More tariffs? On Thursday evening, Trump ordered officials to consider slapping $100 billion in additional tariffs. “In light of China’s unfair retaliation, I have instructed the USTR [U.S. Trade Representative] to consider whether $100 billion of additional tariffs would be appropriate under section 301 and, if so, to identify the products upon which to impose such tariffs,” Trump said in a statement.

 

On the other hand: During the day, White House aides sought to ease concerns over tariffs announced by the U.S. and China, playing down the potential economic harms.

Minutes before Trump’s tweet, his new economic adviser, Larry Kudlow, tried to soothe those fears. 

“Technically, both countries have just proposed tariffs. Nothing’s been enacted,” he told reporters at the White House. “I think that’s an important point. Nothing around the corner. There’s going to be a big discussion about it.”

White House trade adviser Peter Navarro also tried to quell rising concerns among U.S. farmers by vowing that the Trump administration will protect them from harm in the global tariffs fight.

Big Ag worries: U.S. agriculture has expressed increasing frustration about President Trump’s trade policies and is urging him to avoid slapping sweeping tariffs on Chinese exports over fears that Beijing would retaliate against their products.

“We will do everything that we can to help them,” Navarro said on CNBC about farmers. 

“It’s unfortunate rather than China simply negotiating these things that they do fairly that they’re basically responding to our legitimate defense with a tax on American farmers,” he said.

China targeted major U.S. agricultural exports with tariffs among the hundreds of other products targets, stoking fears among American farmers.

Agriculture Secretary Sonny Perdue, who has expressed support for the tariffs, said the president asked him to assure farmers that the “we’re not going to allow them to be the casualties if this trade dispute escalates.”

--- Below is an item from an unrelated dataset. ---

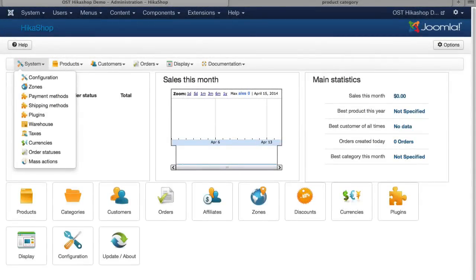In this session, let's talk about payment methods and shipping methods. Two of the more frustrating things in most Joomla e-commerce solutions. Fortunately, HikaShop has really done a pretty nice job here.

After China announced its proposed U.S. soybean tariff, the American Soybean Association (ASA) again expressed its “extreme frustration” about the escalation of a trade war with the largest customer of U.S. soybeans.

 

The polls: A large majority of Americans believe the U.S. should take steps to close its trade deficit with China, but disapprove of President Trump’s proposed tariffs and there are fears that a trade war could damage the economy.

According to the latest Harvard CAPS/Harris Poll, 71 percent of voters say the U.S. should take steps to address a $375 billion trade imbalance with China. But 52 percent disapprove of the administration’s proposed tariffs on aluminum and steel imports, including those from China, and 43 percent said they believe Trump’s proposed tariffs will result in job losses.

 

Fallout for tax cuts?: Conservatives are also worried a trade war with China could wipe out the positive economic benefits of the tax-cut law and cost Republicans their majorities in Congress.

“What Republicans and President Trump did in December was create this enormous, pro-growth tailwind going into this November’s elections, and I think that they’ve needlessly created this headwind that could erase all of those gains,” said Andy Roth, vice president of government affairs at the conservative Club for Growth.

“This is a huge unforced error,” he added.

 

The trading partners next door: On a more optimistic note, Canadian Prime Minister Justin Trudeau said that there is a “high chance” that the U.S, Mexico and Canada will reach a deal on a renegotiated North American Free Trade Agreement (NAFTA).

“We have a high chance of reaching a win-win-win deal for Canada, the United States and Mexico,” Trudeau said, according to Agence France-Presse. 

He said that with upcoming elections in the U.S. and Canada later this year, he hoped to announce a deal on NAFTA at the Summit of the Americas in Lima, Peru, later this month.

On Monday, Bloomberg News reported that President Trump also hopes to have a preliminary deal ready to announce during the April 13 summit.

 

Reactions:

  • “These are real people, real families. You don’t use them as a playing card.” — Sen. Pat Roberts (R-Ks.), chairman of the Senate Agriculture Committee.
  • “There are no winners in a trade war, only casualties.” — Texas farmer Wesley Spurlock, chairman of the National Corn Growers Association (NCGA)
  • “None of the proposed tariffs are in place yet. The president is the best negotiator on the planet.” — White House deputy press secretary Hogan Gidley.

 

LEADING THE DAY

Trump says Dodd-Frank rollback coming soon: Trump on Thursday said bipartisan efforts to loosen strict banking rules enacted after the 2008 financial crisis “should be done fairly quickly.”
Trump said during a West Virginia event on tax policy that his administration is pushing to ease lending restrictions imposed by the Dodd-Frank Act. He appeared to refer to a bipartisan Senate bill to rollback Dodd-Frank that passed in March, but that House Republicans have refused to clear without further changes.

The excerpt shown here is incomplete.